Fund for Animals v. Town Plan. Zon., No. Cv-91-0396816-S (Feb. 1, 1993)

[EDITOR'S NOTE: This case is unpublished as indicated by the issuing court.] MEMORANDUM OF DECISION FACTS

On March 19, 1991, defendant Rosario S. Mangiafico, Trustee (hereinafter "applicant") filed an application with the defendant Town Plan and Zoning Commission (hereinafter "Commission") for a subdivision of a 106 acre parcel.

A hearing was held on the application on April 2, 1991, it was continued to May 7, 1991, and concluded on May 21, 1991. Plaintiff Fund for Animals (hereinafter "Fund") presented evidence at both the May 7, 1991 and May 21, 1991 hearings. CT Page 1198 This evidence was in support of plaintiff's claim that the proposed site included the critical habitat of the Timber rattlesnake. The final plan contains 27 housing lots and 46.2 acres of open space. The Commission approved the application by a vote of 4 to 1. The appeal was filed on June 12, 1991.

AGGRIEVEMENT

There are two plaintiff appellants in this action. Plaintiff Susan Chapman's affidavit of aggrievement was entered into the record at the hearing of November 5, 1992. Attached to the affidavit was a map of the proposed subdivision. By agreement the plaintiff Susan Chapman was allowed to mark where her residence is located. This court finds that based upon the affidavit and the attached map that the plaintiff Susan Chapman is an abutter of the property and statutorily aggrieved in accordance with Conn. Gen. Stats. 8-8(1).

INTERVENTION BY PLAINTIFF FUND FOR ANIMALS, INC.

At the hearing a copy of the intervention petition of Fund for Animals, Inc.1 was made part of the record by agreement. The petition was filed pursuant to Conn. Gen. Stats. 22a-19. In its petition the "Fund" alleged many procedural infirmities surrounding the approval of the application by the Planning and Zoning Commission. However its primary thrust is in its perceived duty to protect the public trust by advocating on behalf of the natural resources of the State of Connecticut which includes the Timber rattlesnake.

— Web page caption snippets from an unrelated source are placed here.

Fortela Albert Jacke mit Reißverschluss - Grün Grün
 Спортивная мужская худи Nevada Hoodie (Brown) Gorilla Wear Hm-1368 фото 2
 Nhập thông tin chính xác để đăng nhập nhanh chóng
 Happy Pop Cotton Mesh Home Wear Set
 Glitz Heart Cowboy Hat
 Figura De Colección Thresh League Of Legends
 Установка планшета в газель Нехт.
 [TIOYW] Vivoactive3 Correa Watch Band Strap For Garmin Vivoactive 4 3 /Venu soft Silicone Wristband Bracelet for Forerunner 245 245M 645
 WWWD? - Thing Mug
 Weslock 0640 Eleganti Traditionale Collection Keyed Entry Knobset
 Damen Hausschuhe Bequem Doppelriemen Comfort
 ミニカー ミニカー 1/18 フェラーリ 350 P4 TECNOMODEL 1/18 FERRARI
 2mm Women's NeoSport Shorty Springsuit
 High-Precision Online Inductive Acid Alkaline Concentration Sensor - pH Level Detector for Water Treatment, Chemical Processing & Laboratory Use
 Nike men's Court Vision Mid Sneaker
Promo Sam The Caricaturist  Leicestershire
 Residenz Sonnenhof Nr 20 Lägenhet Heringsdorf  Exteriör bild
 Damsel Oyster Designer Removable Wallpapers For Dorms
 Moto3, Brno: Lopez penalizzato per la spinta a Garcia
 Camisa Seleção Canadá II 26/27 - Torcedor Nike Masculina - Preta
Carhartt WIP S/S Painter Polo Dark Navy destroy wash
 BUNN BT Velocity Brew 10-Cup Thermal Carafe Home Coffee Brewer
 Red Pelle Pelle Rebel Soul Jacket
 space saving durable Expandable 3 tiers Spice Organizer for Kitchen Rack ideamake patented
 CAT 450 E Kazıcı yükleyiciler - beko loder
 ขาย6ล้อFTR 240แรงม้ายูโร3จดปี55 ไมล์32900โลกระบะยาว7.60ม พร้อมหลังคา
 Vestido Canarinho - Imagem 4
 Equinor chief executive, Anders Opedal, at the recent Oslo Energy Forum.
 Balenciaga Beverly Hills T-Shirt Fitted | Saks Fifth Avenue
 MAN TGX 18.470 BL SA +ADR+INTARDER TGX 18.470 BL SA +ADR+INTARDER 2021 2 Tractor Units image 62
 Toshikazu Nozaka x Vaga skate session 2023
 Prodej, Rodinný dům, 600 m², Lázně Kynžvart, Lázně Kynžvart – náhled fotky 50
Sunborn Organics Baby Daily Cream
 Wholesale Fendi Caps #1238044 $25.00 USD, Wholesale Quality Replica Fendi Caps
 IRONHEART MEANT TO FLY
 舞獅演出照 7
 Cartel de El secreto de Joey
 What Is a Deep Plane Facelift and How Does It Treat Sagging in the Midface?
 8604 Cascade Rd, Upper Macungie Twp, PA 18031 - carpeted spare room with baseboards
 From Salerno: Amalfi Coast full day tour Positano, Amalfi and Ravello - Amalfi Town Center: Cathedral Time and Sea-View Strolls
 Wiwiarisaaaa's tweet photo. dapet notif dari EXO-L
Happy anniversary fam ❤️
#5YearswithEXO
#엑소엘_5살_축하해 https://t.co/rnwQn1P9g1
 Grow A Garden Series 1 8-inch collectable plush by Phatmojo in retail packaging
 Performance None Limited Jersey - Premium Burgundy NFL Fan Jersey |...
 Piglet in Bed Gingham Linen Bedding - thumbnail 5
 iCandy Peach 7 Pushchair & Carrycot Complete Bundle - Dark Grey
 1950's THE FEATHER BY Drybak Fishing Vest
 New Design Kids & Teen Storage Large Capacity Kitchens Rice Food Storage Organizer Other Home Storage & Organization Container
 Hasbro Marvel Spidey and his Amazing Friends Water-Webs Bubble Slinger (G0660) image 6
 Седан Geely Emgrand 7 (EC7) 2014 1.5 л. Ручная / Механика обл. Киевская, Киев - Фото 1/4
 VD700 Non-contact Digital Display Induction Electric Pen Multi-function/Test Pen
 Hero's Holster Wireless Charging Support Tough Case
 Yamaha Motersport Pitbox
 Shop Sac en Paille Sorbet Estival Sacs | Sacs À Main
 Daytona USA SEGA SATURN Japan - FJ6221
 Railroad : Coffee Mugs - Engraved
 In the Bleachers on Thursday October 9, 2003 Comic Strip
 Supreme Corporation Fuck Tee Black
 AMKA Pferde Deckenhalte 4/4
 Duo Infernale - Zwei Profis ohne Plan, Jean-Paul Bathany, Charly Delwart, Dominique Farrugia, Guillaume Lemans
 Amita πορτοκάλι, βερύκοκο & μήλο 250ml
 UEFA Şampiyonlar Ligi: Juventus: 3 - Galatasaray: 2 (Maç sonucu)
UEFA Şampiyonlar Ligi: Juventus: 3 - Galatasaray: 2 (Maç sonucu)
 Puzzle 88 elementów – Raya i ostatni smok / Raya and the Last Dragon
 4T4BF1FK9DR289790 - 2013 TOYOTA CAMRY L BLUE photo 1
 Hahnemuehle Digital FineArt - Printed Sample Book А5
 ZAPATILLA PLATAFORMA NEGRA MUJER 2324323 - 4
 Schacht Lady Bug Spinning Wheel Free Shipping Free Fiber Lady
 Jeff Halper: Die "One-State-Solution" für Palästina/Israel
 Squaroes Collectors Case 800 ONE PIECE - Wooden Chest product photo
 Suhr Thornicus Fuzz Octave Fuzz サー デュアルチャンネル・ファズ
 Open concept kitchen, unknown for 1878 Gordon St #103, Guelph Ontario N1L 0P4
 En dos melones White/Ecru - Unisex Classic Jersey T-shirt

PLAINTIFFS HAVE STANDING TO RAISE ENVIRONMENTAL ISSUES BEFORE THIS COURT

General Statutes 22a-19(a) provides that "[i]n any administrative . . . proceeding; . . any person . . . may intervene as a party on the filing of a verified pleading asserting that the proceeding or action for judicial review involves conduct which has, or which is reasonably likely to have, the effect of unreasonably polluting, impairing or destroying the public trust in the air, water or other natural resources of the state."

Here plaintiffs raise the issue that the actions of the commission are contrary to their public trust in that the approved development will destroy the habitat of a natural CT Page 1199 resource, to wit: the Timber rattlesnake. Our Supreme Court in Red Hill Coalition v. Town Plan and Zoning Commission, 212 Conn. 727 (1990) firmly establishes that the plaintiffs have standing to assert their claims.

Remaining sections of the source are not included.